Булат Шалвович оказался выше, чем мне представлялось. Худой, лысеющий «грузин московского разлива» — так он сам себя называл в шутку, садясь в кресло, как бы складывался и оттого казался совсем маленьким. Но теперь, высокий и стройный, он стоял в дверях своей квартиры и как старому знакомому без церемоний предлагал мне несколько минут подождать в холле, все четыре стены которого были заставлены книжными стеллажами. Это была библиотека. Здесь, поджидая ухода американских издателей, с которыми занимался поэт (напомню, шел 1986 год, Перестройка), я в очередной раз задумался о том, почему к песням этого человека тянется весь мир? Ведь песни его уже пели Польша, Франция, Италия. Они уже перелетели через океан, и ушлые американцы уже успели ранним летним утром вывести Окуджаву на Арбат, где он раньше жил, усадить на венский стул (спинкой вперед) и сфотографировать для обложки сборника песен. Почему?

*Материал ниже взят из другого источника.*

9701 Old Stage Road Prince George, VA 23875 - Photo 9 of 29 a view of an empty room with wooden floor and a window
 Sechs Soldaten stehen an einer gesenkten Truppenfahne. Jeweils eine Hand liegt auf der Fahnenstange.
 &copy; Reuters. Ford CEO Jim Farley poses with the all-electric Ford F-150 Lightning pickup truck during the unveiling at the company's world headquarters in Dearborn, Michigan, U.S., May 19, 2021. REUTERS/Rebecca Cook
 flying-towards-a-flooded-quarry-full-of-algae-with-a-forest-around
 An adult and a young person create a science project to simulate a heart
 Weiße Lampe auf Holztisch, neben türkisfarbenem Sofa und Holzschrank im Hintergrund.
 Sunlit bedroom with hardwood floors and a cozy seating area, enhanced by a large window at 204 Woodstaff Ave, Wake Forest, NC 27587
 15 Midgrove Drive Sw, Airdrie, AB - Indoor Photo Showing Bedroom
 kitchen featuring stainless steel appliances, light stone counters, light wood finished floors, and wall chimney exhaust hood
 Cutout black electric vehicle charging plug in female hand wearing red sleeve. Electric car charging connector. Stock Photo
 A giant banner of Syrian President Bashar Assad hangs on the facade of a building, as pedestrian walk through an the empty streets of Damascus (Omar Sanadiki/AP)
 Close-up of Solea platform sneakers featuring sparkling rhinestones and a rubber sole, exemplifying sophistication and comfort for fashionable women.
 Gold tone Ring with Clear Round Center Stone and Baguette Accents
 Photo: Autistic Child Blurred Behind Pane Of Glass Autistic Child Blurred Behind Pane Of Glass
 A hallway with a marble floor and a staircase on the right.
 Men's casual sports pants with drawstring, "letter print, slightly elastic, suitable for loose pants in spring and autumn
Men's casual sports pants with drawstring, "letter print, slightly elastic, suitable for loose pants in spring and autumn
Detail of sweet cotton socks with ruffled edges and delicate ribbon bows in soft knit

Ответ на этот вопрос, мне кажется, надо искать в парадоксальном высказывании поэта. Вернее, в его позиции, творческом кредо. Дело в том, что на первое место в авторской песне, в поэтической песне Булат Окуджава ставил отнюдь не поэзию! А что? Авторскую интонацию! Разговор самой души поэта! То необъяснимое чувство, которое возникает, когда вы слушаете песню. Именно это чувство, как невидимая нить, в эти минуты связывает поэта и слушателя. Не уверен, что смогу объяснить, что такое авторская интонация, как и не смогу (впрочем, вслед за миллионами пытающихся) дать определение человеческой души.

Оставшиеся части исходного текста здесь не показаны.